白河の郷土絵師・蒲生羅漢(1784-1866)は、天明4年に白河に生まれた。この年は松平定信が白河藩主についた年で、その後定信の強い影響下で白河の近世画壇は一気に花開いていく。定信は才覚があれば一介の町絵師でも起用しており、13歳の頃から江戸で谷文晁に学んでいた羅漢も、定信に見い出され、享和3年には「石山寺縁起絵巻」の模本制作を藩絵師の星野文良、岡本茲奘らとともに行なった。

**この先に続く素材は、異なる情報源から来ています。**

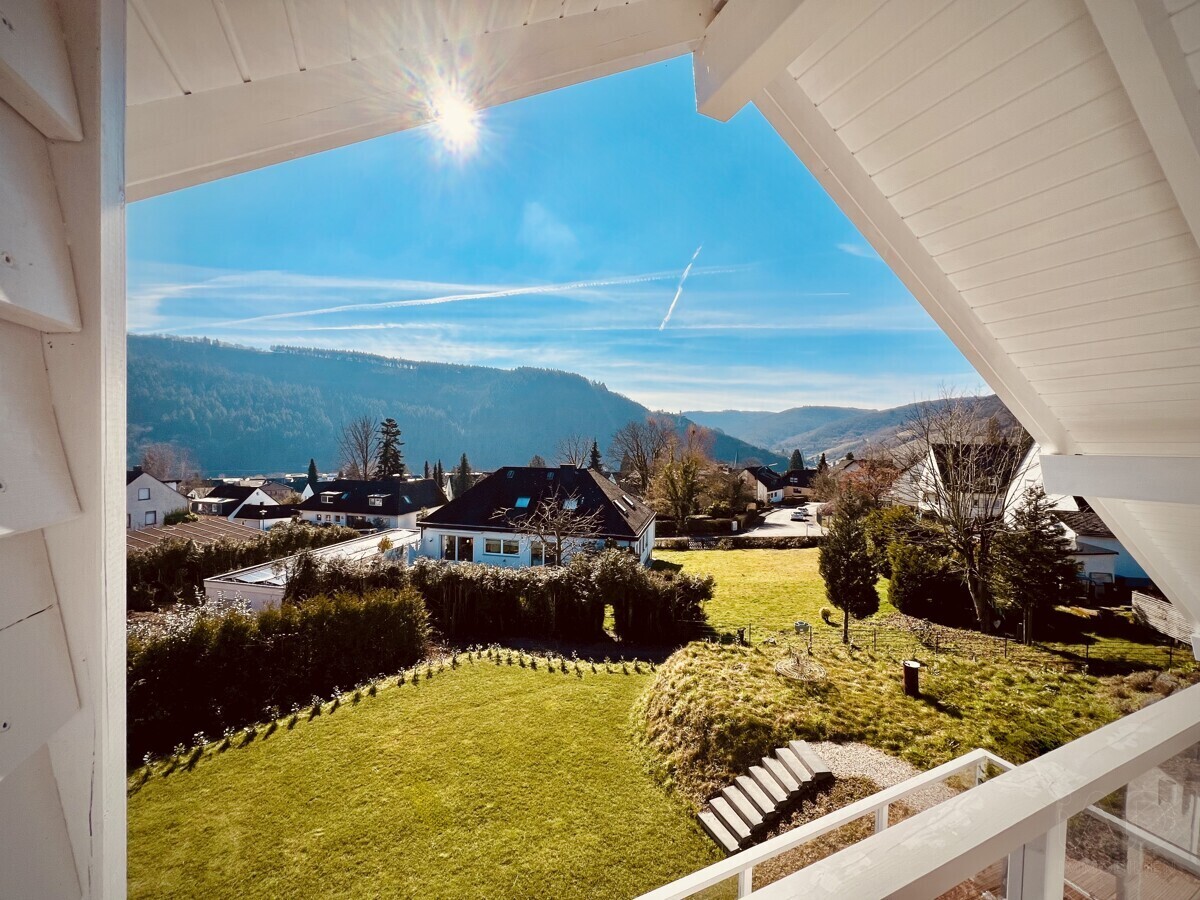 Panorama Aussicht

その後の羅漢の行動は不明な点が多いが、定信や白河藩周辺の絵の御用に関わっていたと思われる。諸国を漫遊したとも伝わっているが、定かではない。文政末年頃には、白河城下に戻り、羅漢山に「槃薄画處」という画房を造り、自然と一体になり、自由に絵筆を振るった。豪放な性格で酒を好み、民謡「会津磐梯山」の小原庄助のモデルとされる会津塗師久五郎とは酒好きという点で意気投合し、面倒をみたという逸話も残っている。
蒲生羅漢(1784-1866)がもう・らかん
天明4年白河生まれ。父は藤田嘉十郎。名は豹(豹之助)。別号に蒲生豹、無声道人、在家菩薩などがある。寛政8年頃から江戸に出て谷文晁の写山楼塾で学んだ。文化2年白河藩主松平定信の命により「石山寺縁起絵巻」の模写事業に参加した。福島県内を中心に多数の作品が残されている。谷文晁の影響を受けた道釈人物、山水画、花鳥画、大和絵、仏画などのほか、独自の中国絵画学習の成果を示す作品も多い。慶応2年、83歳で死去した。